Mike Pompeo, who served as Trump's Secretary of State, had to defend his recent remarks about Vladimir Putin being "savvy" and "very talented." His response demonstrated an appalling ignorance.
From CPAC—>
— Vaughn Hillyard (@VaughnHillyard) February 25, 2022
NBC: Russian state media has played your own words…[calling] Putin shrewd, capable & you said you have enormous respect. Do you regret your words?
Pompeo: I’ve been fighting communism since I was a teenager. I’m going to keep fighting communism. pic.twitter.com/sPJGoKCd72
Rather than answer the question, Pompeo kept talking about "fighting communism," something that hasn't existed in Russia since the early 1990s.
It is worth noting that, after the break-up of the Soviet Union, Russia began to sell off all of its national assets - something that Vladimir Putin helped manage for then-President Boris Yeltsin. That gave Putin the knowledge and strategy he used to consolidate power by controlling the oligarchs who were empowered by the privatization.
All of that is important as we watch the world unite by implementing catastrophic sanctions against Russia for invading Ukraine. The transition from communism to oligarchy moved Russia away from being economically isolated, putting them in the midst of a globalized economy.
The process of globalization impacts the processes of change on the local and regional scale...globalization implies a stretching of social, political, and economic activities across frontiers such that events, decisions, and activities in one region of the world can impact individuals and societies elsewhere, as well as an increased interconnectedness which transcends individual states...In the case of the Russian Federation and other post-Soviet states...we see societies that were previously closed off from global influence are now open to all these forces.
Max Fisher was one of the only reporters to point this out back in 2014 when Putin annexed Crimea.
The lesson that Putin is learning is that Russia depends on the global economy, whether it likes it or not, and the global economy doesn't like it when you go invading other countries and tempting the richest nations in the world to maybe consider sanctioning you. This is actually a significant change for Russia, which at the height of its Soviet power was not integrated into the global economy and so didn't have to worry about things like investor sentiment. But now it is and it does.
What's cool about this is that it theoretically could apply to lots of other possible acts of international aggression around the world. This is something that economists and political scientists have been predicting since World War One: that integrating all the national economies into the global economy wouldn't just make all of us richer; it would make war more economically painful for the people starting it and thus less likely to happen.
Of course, there are reasons to be concerned about the impact of globalization, but perhaps that puts a different spin on things than we've been used to hearing from the so-called "populists" who have been raging against it.

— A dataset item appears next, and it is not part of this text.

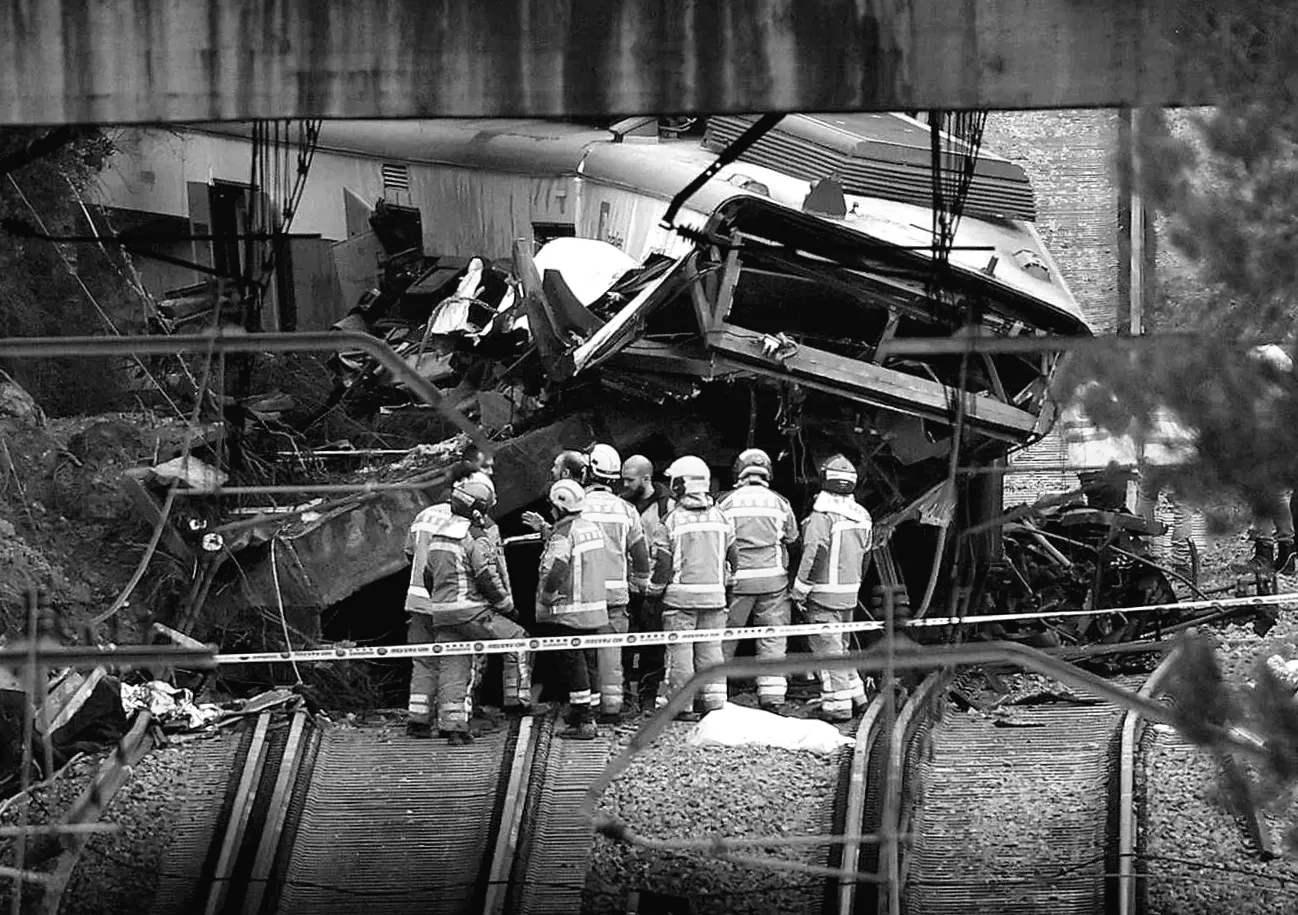 Помер чоловік у віці 27 років після того, як поїзд врізався у опорний мур у Іспанії через декілька днів після смертельного зіткнення, внаслідок якого загинули десятки людей.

At this point, we don't know the outcome of the war Russia has waged against Ukraine. But one of the reasons I have been transfixed as it develops is that it very well could represent the ultimate battle between the old world order and the new one. As I've suggested previously, Putin is attempting to turn the clock back to the days in which the most powerful countries were determined by their ability to dominate the rest of the world through military force.
After years of trying to sow divisions among the allies of democracy, Putin is running head-on into a united effort being waged against him by the new world order. It is important to remember that the strategies being used against Putin right now (ie, debilitating sanctions) wouldn't have been effective against the former Soviet Union. Instead, the Cold War (where outright war between the two major powers was avoided due to fear of nuclear annihilation) was fought via proxy battles in other countries.
Putin is obviously attempting to re-establish the Russian empire as the 21st Century's Great Power by invading Ukraine. But he's not only having to face fierce resistance from the people of that country, most of the globe is uniting to ensure that Russia will pay an extreme economic price. You can almost feel the tectonic plates shifting beneath his feet.
Switzerland and Sweden were neutral even during World War II.
— Tristan Snell (@TristanSnell) February 27, 2022
Today Switzerland is freezing Russian assets, and Sweden is sending 5000 anti-tank missiles to Ukraine.
Putin has united and awakened the free world — perhaps more than ever before.
🇩🇪 It is hard to overestimate how much Putin’s attack on Ukraine changed Germany.
— Michael Knigge (@kniggem) February 26, 2022
Less than a week ago Nord Stream 2 was still alive, delivering lethal weapons to Ukraine taboo & cutting Russia out of Swift out of the question.
Putin’s invasion changed Germany.
Zeitenwende.
Vladimir Putin has killed Swedish neutrality and German pacifism in a single weekend
— Samuel Ramani (@SamRamani2) February 27, 2022
If Putin is defeated, it will, as Fisher noted, "make war more economically painful for the people starting it and thus less likely to happen." Those are the stakes, and they couldn't be any higher.
Oh, and by the way...no one understands the stakes better than President Joe Biden, who has managed this whole thing masterfully. But that's a topic for another day.